Penso enquanto as horas passam dentro do ônibus.
Assim que chego na ponta do morro, já fico desanimada, mas fazer o quê, né? A vida não é fácil para ninguém e principalmente para uma favelada como eu. Penso, subindo. Os vapores da entrada começam a soltar conversa.
Vapor 1 — Nossa, chegou a princesinha da favela, mano. O melhor do meu plantão é ver ela passando para ir pra casa.
Vapor 2 — A mulher mais linda que a favela já viu. Por ela eu largo até essa vida de bandido...
Eles comentam e eu finjo não ouvir, continuo subindo até que vejo uma movimentação na pracinha e uma aglomeração. Lá está a Dani brigando com alguém novamente por causa do Imperador. Ela não muda e não cansa de pagar mico. E pensar que no passado éramos amigas... Eu nunca pensei que no futuro ela estaria nessa situação, tão mudada, tão diferente. A mesma com olhos verdes e uma mini blusa rosa, os cabelos compridos. Olha que o comentário da favela toda é que ele bancou cirurgias plásticas para ela e até deu dinheiro para ela colocar o cabelo. Eu fico observando ela.
A gritaria continua e eu fico ali tentando passar para ir embora, ficando impedida pela multidão. O povo começa a gritar, fotografar e ela humilha a menina pegando uma tesoura para cortar o cabelo. Nesse momento escuto um barulho de motos e, quando vejo, lá está o Imperador e o Morte, os dois ali no meio da confusão. O povo abre espaço e consigo vê-lo ali sem camisa mostrando as suas tatuagens. E não posso negar: ele é muito bonito.

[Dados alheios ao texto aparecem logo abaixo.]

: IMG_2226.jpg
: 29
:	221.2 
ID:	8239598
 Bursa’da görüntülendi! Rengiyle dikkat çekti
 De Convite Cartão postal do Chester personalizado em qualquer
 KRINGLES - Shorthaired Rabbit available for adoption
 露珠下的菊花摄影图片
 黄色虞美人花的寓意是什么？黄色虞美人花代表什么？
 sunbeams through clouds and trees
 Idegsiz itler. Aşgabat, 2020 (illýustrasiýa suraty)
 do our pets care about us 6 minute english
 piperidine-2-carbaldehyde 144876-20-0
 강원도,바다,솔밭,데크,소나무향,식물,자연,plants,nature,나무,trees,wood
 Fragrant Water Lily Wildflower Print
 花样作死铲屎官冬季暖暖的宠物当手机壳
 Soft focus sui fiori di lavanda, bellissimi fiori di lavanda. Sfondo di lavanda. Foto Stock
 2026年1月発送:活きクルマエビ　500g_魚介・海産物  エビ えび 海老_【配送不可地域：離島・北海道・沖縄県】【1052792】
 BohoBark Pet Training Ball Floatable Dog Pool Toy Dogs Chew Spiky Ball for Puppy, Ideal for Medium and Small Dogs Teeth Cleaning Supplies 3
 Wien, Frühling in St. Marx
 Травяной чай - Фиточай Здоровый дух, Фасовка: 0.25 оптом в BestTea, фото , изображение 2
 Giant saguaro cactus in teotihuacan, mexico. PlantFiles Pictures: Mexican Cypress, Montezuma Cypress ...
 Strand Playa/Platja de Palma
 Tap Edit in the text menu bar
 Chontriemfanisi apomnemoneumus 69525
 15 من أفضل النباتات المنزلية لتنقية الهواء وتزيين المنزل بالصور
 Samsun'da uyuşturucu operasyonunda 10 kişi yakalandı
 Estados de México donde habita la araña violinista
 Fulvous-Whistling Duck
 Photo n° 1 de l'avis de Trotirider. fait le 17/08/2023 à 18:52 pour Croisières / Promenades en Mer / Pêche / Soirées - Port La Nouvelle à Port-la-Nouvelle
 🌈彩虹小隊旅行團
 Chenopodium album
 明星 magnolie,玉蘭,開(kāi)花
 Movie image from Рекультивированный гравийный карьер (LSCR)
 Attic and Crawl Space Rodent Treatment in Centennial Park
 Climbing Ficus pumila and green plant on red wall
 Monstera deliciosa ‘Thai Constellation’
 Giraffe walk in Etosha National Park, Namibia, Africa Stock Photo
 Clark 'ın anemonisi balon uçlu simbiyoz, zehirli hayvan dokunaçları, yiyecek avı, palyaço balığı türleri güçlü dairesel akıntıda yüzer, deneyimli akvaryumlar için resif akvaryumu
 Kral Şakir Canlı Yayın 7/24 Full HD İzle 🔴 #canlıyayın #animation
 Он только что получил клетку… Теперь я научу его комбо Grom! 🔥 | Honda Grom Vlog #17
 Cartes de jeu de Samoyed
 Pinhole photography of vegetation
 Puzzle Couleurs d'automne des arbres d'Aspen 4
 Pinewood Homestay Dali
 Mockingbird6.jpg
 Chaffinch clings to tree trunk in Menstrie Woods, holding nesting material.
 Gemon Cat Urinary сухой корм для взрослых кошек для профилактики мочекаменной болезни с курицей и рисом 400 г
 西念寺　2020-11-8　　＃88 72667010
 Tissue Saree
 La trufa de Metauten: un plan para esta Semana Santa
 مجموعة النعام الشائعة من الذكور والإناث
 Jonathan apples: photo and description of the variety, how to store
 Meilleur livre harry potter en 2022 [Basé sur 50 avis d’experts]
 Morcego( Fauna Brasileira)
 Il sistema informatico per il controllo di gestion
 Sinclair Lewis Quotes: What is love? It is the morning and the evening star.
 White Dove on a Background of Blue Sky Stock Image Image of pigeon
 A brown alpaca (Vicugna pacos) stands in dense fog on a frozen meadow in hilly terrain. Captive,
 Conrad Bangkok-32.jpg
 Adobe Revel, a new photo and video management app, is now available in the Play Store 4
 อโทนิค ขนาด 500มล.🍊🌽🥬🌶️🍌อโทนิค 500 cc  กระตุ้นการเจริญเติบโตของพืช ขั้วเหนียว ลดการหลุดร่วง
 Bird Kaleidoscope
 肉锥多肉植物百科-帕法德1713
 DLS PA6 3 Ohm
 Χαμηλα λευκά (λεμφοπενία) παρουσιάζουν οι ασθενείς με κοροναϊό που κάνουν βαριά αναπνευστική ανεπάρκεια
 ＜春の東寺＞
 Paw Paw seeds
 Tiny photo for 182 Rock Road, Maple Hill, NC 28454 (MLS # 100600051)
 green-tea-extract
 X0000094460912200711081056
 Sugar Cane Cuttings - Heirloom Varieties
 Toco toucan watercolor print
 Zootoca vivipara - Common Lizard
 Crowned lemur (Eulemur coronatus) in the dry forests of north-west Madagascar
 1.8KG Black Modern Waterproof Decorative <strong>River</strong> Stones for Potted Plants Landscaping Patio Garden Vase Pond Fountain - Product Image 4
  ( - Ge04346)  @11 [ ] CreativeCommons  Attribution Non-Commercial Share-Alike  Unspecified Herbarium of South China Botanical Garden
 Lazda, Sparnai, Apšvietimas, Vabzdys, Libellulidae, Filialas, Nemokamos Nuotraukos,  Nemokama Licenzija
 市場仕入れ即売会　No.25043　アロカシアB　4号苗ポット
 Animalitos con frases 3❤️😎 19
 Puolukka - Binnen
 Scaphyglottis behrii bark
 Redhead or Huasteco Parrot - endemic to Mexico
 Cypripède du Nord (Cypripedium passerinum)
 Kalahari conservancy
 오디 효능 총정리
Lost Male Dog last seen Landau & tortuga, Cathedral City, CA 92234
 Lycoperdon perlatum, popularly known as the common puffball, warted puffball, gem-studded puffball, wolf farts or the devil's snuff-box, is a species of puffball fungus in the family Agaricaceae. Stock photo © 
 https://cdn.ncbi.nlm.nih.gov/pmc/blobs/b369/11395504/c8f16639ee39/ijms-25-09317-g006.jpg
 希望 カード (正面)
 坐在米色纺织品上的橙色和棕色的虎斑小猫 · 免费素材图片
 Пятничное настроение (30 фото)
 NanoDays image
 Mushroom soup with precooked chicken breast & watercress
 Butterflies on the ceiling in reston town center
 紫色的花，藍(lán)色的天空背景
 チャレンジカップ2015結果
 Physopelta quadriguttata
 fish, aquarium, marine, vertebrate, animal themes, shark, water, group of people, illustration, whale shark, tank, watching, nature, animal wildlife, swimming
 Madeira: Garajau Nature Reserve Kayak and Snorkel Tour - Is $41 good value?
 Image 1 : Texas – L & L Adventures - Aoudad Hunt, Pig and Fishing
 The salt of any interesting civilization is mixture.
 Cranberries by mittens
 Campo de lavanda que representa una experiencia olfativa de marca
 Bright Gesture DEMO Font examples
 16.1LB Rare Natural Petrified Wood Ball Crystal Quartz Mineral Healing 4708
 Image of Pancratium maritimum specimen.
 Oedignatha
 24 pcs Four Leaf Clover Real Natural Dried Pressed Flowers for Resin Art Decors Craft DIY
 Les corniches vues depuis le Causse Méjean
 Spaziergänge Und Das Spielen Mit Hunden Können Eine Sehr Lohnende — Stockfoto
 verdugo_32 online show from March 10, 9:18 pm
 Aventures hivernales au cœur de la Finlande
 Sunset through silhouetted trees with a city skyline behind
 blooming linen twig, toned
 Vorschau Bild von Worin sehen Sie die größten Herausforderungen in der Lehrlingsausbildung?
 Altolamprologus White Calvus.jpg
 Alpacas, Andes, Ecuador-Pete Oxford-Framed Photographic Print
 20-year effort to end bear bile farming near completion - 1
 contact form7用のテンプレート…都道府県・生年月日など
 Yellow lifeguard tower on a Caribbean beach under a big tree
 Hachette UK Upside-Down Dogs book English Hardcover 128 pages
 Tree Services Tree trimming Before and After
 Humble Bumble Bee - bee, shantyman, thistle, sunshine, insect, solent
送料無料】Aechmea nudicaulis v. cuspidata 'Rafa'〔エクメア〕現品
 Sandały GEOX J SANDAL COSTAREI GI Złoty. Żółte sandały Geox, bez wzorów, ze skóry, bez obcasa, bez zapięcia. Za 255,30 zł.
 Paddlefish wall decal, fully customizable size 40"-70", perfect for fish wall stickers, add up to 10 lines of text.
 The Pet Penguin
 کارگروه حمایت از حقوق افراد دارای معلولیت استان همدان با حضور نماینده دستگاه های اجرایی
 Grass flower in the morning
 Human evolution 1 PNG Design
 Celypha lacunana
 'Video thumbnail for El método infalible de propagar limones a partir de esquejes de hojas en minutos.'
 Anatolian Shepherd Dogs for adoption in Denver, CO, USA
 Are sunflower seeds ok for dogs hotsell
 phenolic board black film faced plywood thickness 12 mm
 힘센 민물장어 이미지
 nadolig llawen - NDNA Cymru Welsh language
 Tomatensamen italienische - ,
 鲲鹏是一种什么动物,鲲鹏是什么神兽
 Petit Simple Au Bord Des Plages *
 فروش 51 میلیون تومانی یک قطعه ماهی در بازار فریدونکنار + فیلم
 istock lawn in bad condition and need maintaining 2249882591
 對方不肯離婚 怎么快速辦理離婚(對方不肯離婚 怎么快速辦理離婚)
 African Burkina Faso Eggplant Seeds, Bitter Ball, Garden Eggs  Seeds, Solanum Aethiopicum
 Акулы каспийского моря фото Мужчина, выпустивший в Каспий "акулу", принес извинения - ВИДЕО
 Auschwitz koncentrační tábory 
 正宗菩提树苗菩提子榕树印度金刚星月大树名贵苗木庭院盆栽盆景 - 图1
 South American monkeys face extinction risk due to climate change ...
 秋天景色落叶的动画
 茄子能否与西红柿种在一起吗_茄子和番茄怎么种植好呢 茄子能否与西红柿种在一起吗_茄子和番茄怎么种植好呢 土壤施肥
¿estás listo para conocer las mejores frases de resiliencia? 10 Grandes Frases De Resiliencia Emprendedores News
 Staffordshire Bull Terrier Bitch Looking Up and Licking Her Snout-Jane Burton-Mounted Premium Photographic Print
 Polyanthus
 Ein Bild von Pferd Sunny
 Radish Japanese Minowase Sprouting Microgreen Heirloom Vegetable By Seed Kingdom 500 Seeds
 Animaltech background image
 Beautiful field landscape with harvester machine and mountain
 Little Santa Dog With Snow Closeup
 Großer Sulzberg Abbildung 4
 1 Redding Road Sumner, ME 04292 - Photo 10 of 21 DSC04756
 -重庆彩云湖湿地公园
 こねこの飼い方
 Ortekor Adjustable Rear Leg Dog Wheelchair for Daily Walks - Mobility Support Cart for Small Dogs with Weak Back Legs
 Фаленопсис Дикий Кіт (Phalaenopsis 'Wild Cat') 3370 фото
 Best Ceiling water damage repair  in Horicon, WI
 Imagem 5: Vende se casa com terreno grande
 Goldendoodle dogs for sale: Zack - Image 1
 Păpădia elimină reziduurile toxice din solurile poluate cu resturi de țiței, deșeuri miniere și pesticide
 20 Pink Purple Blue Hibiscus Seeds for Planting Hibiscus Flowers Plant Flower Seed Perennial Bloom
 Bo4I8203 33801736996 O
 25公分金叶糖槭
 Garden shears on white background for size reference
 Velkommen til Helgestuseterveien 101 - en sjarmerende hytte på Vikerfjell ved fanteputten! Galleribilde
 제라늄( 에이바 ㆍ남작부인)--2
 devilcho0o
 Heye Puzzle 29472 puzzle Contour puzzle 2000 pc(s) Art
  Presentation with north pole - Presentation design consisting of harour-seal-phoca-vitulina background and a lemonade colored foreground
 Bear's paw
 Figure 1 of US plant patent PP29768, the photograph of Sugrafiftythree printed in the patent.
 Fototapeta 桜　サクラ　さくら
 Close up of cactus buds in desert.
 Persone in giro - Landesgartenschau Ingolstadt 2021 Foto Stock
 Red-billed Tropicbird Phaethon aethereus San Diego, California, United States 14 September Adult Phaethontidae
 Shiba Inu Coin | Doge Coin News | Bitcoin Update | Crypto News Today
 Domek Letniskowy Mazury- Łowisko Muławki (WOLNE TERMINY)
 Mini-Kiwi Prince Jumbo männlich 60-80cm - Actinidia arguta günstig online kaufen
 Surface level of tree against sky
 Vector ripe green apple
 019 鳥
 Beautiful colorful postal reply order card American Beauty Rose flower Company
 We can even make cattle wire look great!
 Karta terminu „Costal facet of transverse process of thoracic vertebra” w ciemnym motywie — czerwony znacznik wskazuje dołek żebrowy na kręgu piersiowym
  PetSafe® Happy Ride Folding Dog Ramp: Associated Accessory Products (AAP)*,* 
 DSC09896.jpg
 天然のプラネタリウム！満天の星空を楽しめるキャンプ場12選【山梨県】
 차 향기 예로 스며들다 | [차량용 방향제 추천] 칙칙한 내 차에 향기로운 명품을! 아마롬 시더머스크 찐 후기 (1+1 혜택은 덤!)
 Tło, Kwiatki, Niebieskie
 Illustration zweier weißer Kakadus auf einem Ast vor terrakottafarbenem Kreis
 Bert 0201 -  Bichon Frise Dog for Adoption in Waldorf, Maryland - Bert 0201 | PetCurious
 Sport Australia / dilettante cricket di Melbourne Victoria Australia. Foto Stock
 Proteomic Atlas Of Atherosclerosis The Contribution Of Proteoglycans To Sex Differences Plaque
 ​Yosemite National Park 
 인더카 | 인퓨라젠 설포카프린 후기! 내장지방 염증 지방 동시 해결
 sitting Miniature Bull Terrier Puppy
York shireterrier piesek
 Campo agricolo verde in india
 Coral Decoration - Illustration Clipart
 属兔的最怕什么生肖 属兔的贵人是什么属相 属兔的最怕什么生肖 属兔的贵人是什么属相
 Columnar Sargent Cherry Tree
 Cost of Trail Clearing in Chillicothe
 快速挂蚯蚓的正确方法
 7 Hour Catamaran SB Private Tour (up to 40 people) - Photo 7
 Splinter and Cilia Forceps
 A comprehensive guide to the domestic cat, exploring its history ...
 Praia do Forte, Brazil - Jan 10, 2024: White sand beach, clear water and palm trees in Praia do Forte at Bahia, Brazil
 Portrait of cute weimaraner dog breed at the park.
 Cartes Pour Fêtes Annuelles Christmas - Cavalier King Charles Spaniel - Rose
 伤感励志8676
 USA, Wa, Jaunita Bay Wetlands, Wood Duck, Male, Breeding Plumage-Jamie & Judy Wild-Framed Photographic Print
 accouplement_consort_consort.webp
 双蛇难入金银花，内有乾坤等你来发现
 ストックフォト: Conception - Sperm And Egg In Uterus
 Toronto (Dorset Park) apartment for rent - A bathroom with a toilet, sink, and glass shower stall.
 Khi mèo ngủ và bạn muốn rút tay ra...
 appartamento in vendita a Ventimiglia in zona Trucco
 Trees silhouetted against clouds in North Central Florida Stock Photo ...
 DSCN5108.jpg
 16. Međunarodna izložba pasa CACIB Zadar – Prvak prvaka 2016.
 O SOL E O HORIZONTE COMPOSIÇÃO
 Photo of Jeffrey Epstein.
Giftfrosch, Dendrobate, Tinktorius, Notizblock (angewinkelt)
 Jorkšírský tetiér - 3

Ele também é um diabo e eu tenho pena da Dani, que vive se rastejando a esse homem frio. Eu não queria estar na pele dela... Penso olhando para eles até ver ele pegar a arma e dar tiros para cima. Eu saio dali rápido me escondendo. Eu nunca cruzei com ele, ele nunca me viu e nem deve saber da minha existência. E isso é bom, porque pessoas assim devemos ter distância.
Vou caminhando até chegar na minha casa e lá eu vou direto para o meu quarto. Pego uma roupa e saio dali indo direto para o banheiro, onde tomo um banho frio e visto um pijama. Me sinto completamente confortável e vou descendo as escadas para arrumar a mesa do jantar, pois daqui a pouco a minha mãe chega e eu quero curtir um final de tarde ao seu lado. Com esse pensamento vou direto para a cozinha preparar a janta e, nesse momento, escuto a voz da doida da Jenifer.
Jenifer — Miga, cheguei!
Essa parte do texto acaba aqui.